FAIRBANKS - Despite humble beginnings, a locally owned and operated cooperative grocery is becoming a reality in Fairbanks.
More than 500 people attended the Pioneer Park Civic Center for the Harvest Fair on Saturday to check out what will soon be a Fairbanks Community Cooperative Market in downtown Fairbanks.
As vendors and performers circled inside the civic center, prospective co-op members lined the halls and filled the auditorium to learn more.
"Our community has wildly diverse interests in wildly diverse things, and that could very well define Fairbanks," state Rep.
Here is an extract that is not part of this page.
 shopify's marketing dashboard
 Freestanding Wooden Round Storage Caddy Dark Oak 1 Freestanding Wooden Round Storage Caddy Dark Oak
David Guttenberg said as he introduced the market and read a proclamation about the co-op's visionary, Dave Lacey, who died this year.
Lacey was a community advocate for several outlets in Fairbanks and interior villages, and he worked to raise awareness about economic sustainability.
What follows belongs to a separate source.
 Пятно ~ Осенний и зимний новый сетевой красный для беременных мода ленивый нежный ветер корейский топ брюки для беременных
"Doctor Dave," as he was known, was the host of "Dave's Country Cavalcade" and "Daves Hootenanny" shows on KUAC-FM during his 25-year tenure as a broadcaster.
During Saturday's first meeting, the co-op's interim board of directors and co-op members paid tribute to Lacey.
Guttenberg read a proclamation on Lacey's behalf, which was followed by a short speech by Lacey's son, Vaughan Skylark, who held back tears as he told the audience how thankful he was to see his father's dream become a reality.
"There are some amazing people in here today, and I can't wait for it to be happening," Skylark said. "I feel like my dad will live on with this and for that, I'm very thankful."
The co-op's goal is to support a healthy and sustainable community by providing natural foods and products from local suppliers, as well as offer consumer education in a friendly environment.
That vision was in the spirit of Lacey, according to Cora Kelly, who presented information about the co-op to the audience.
The plan is to sell locally grown food and other items typically found at a farmers market. A selection of organic produce will be available as well.
"It's innovative. You will know the origin of your food, and it will come from local producers," Kelly said. A co-op will offer a variety of products ranging from cabbage and carrots to lamb and lotions, she noted, and it will stimulate local production.
"There's a place for everyone here," she said.
But before various committees pick and chose products to sell, the co-op needs at least 1,500 members.
Forming a member base is going well, according to Hans Geier, who noted that as of Friday evening, the co-op had 943 members dedicated to the cause.
That number grew Saturday as families visited the Harvest Fair and made $10 down payments toward a $200 membership.